What Interviewers Test: Interest Rates Impact on Valuation
Interviewers use this prompt to check whether you can translate a macro variable into valuation outcomes without hand-waving. At an analyst level, that means linking interest rates to WACC, to discounting in a DCF, and then to how investors are willing to pay a certain multiple of earnings/cash flow.
They’re also testing structure under pressure: can you separate effects on the denominator (discount rate / required return) from effects on the numerator (cash flows via demand, margins, and leverage)?
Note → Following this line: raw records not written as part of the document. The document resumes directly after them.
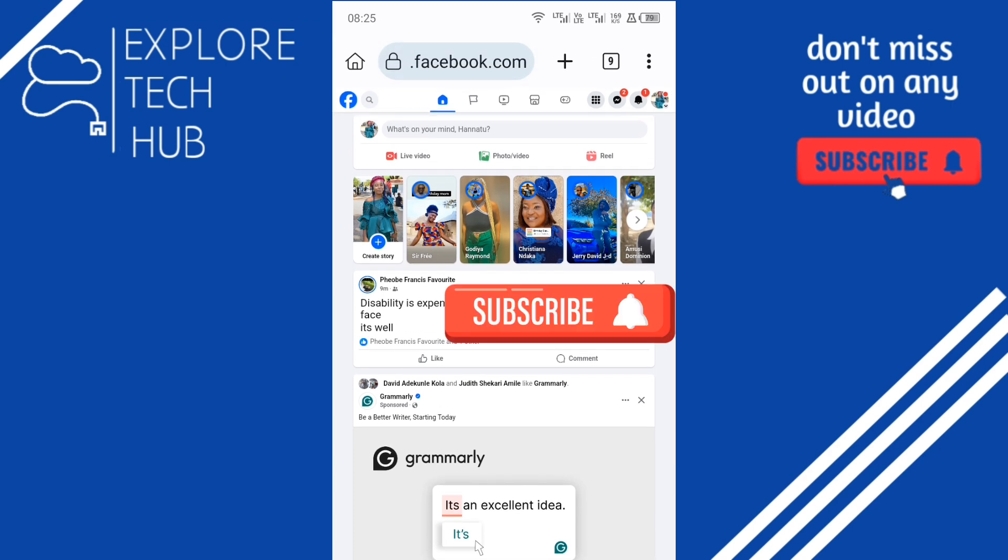If you got value in this video, do well to like this video, subscribe to this channel, and turn on the notification button so you don't miss out on my subsequent content. If you have any questions or there is any app you are finding it difficult to navigate, do well to drop it in the comment section and I will do my best to attend to it. Thank you for your support and I'll see you in my next video.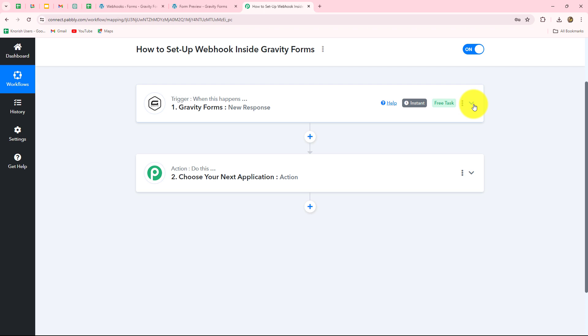For example, if you want to create a record of form responses, you can add Google Sheets or MS Excel in your action step to create a record there automatically. If you want to receive a WhatsApp notification for form submission, you can set up a connection with WhatsApp Cloud API in the action step. You can also email these form responses by using Gmail in the action step — all without any coding or programming skills. These were the simple steps to set up a webhook inside Gravity Forms to add it as a trigger.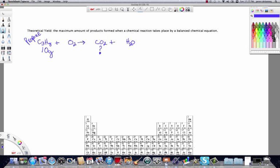This is an unbalanced equation, and one of the things about chemical reactions in nature is the law of conservation of mass. That dictates that all chemical reactions happen in certain proportions, so we need to figure out the proportions in which propane reacts with oxygen and the proportions in which CO2 and H2O are produced. We need to balance this equation.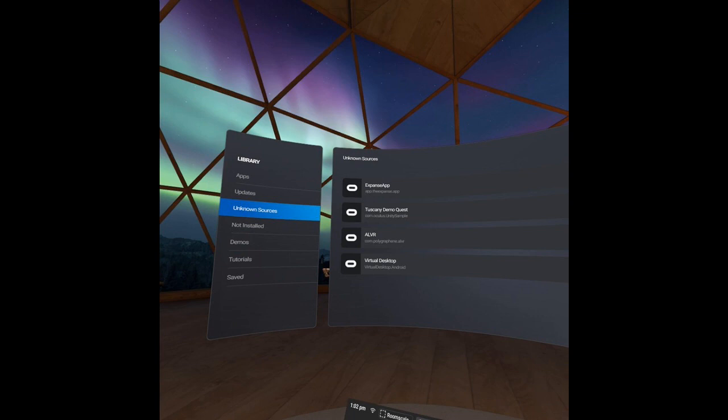And how you find your sideloaded apps and how you make sure 100% that this worked is you put your headset on, you navigate to your library, and you go to the unknown sources. And unknown sources is going to be what keeps all of your sideloaded applications. And that's pretty much it.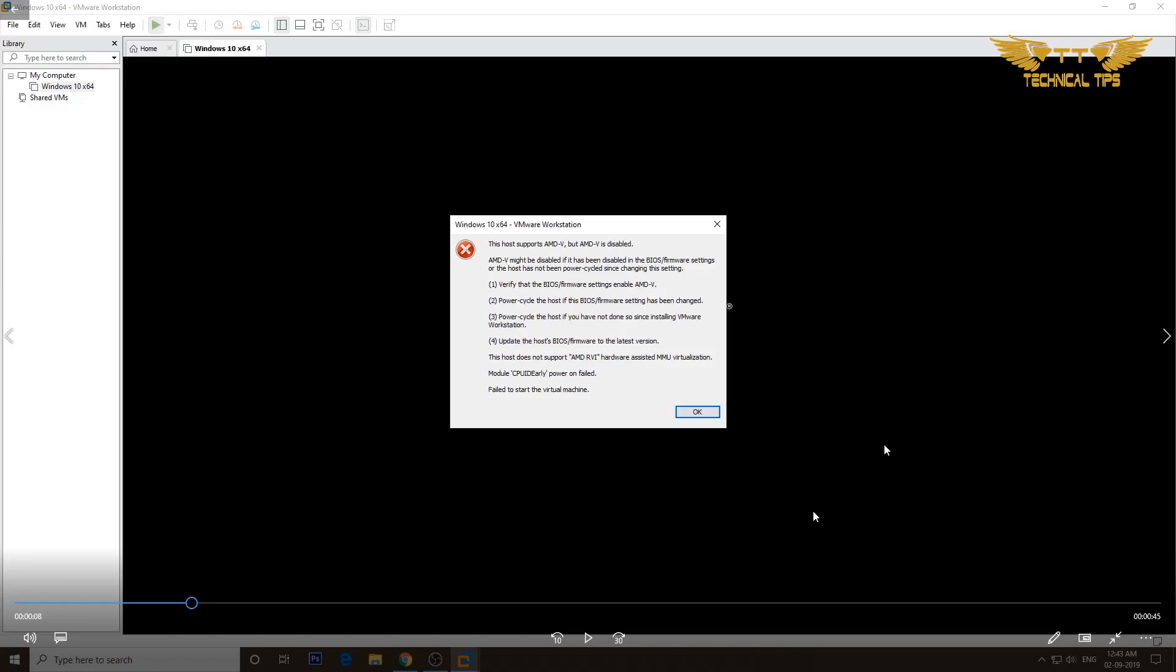In order to fix this error, you need to go to BIOS and enable virtualization settings, and then it will let you install the operating system or create the virtual machine using VMware. That's what we'll be learning in this video.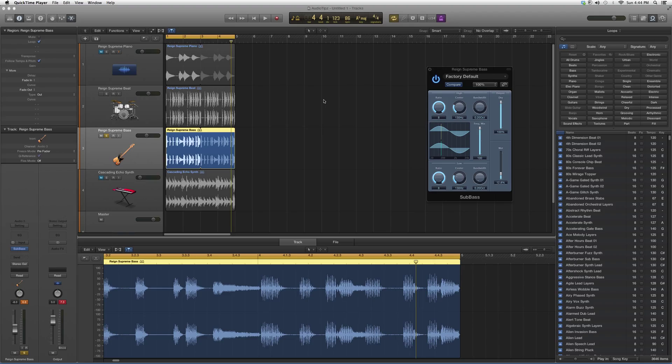Hey guys, what's up, welcome to Audio Tips. In today's tutorial, my highlight plugin is going to be SubBass. I'm going to show you guys what kind of options it has to offer, what it does, basically talk to you guys a bit about it and get you a little bit more familiar with it.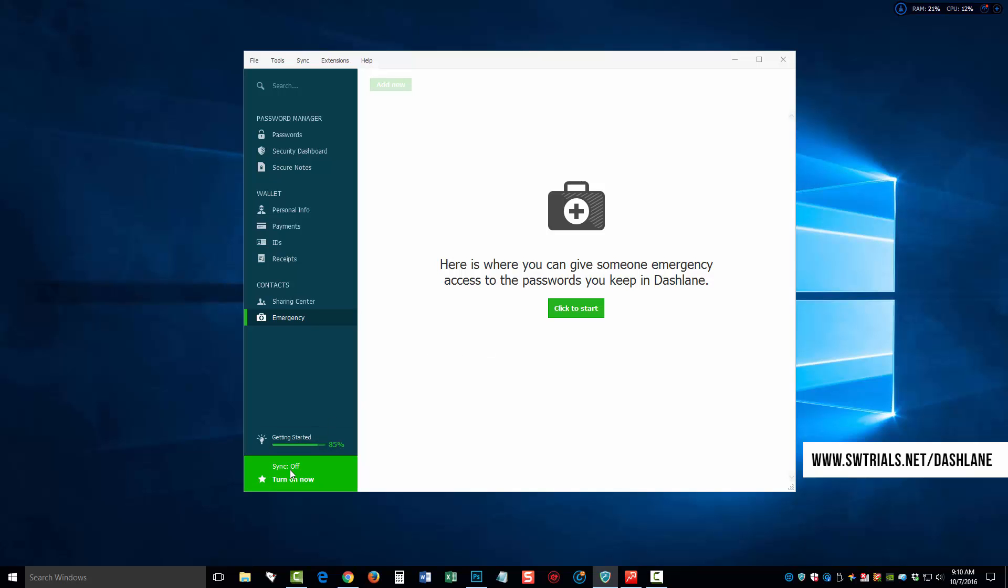Now, down here at the bottom, you'll see where it says sync is off and you can turn it on now. This is a premium upgrade which you can get but you don't have to.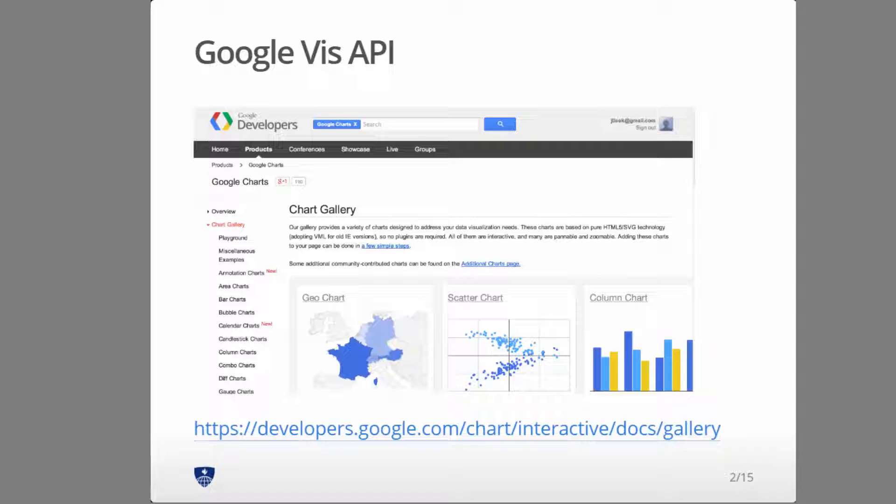But connecting R with Google Viz makes it really easy, especially if you're familiar with R. So let's just get started with a motion chart.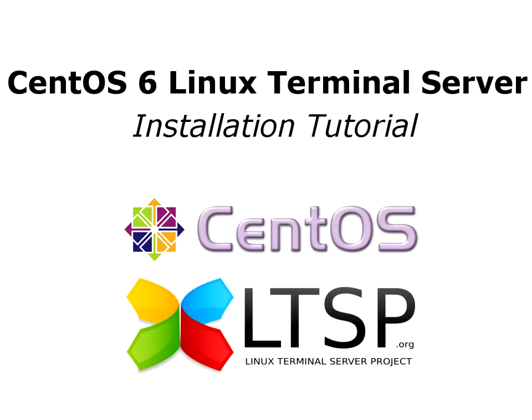Hello! Welcome to disklessworkstations.com's tutorial on creating a CentOS 6 Linux Terminal Server. This video is best viewed in 720p and full screen.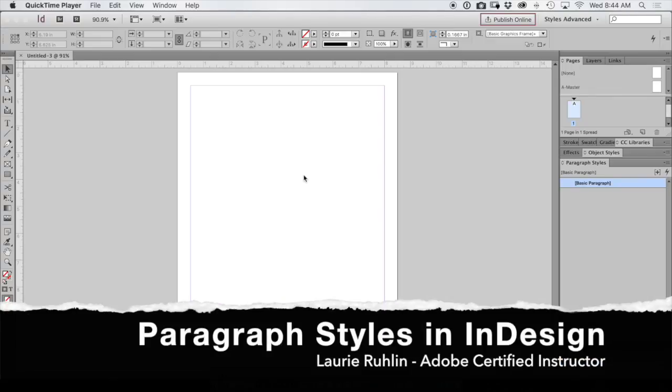Hi, this is Lori Ruhlin. Today I'm going to show you how to create a paragraph style in InDesign.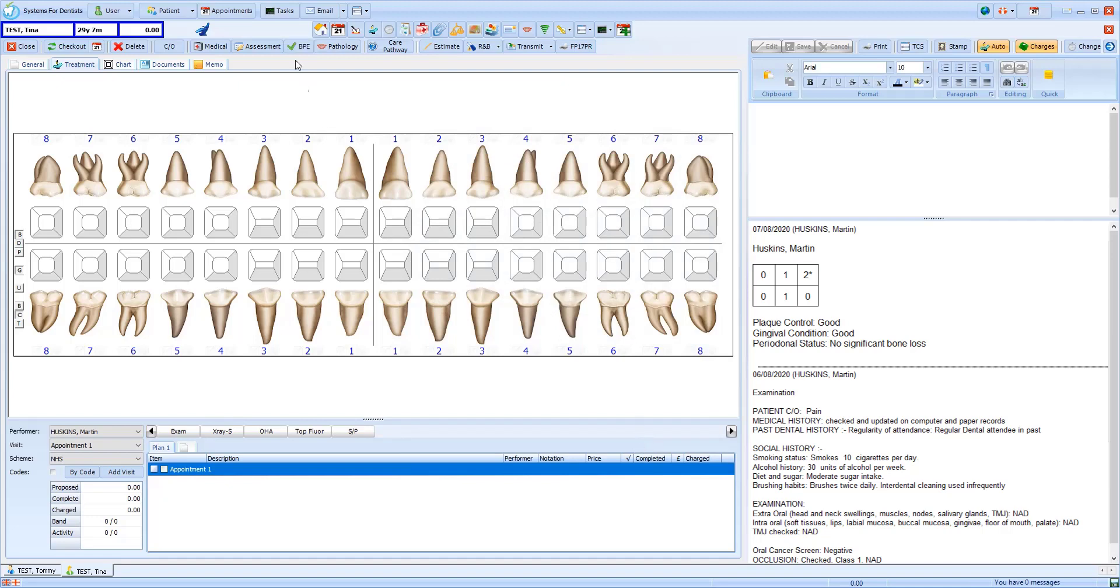On completion you will see that a green tick indicates that the BPE has been recorded. The information and values that were recorded are displayed in the patient's notes.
Strong candidates explicitly state the “base case” intuition (rates up → multiples down), then qualify it with the key offsets.
Finally, this is one of those investment banking technical questions where judgement matters: the answer isn’t “always X.” Interviewers want you to mention duration (long-dated growth vs near-term cash flows), capital structure and refinancing risk, and how comps may move even if fundamentals lag.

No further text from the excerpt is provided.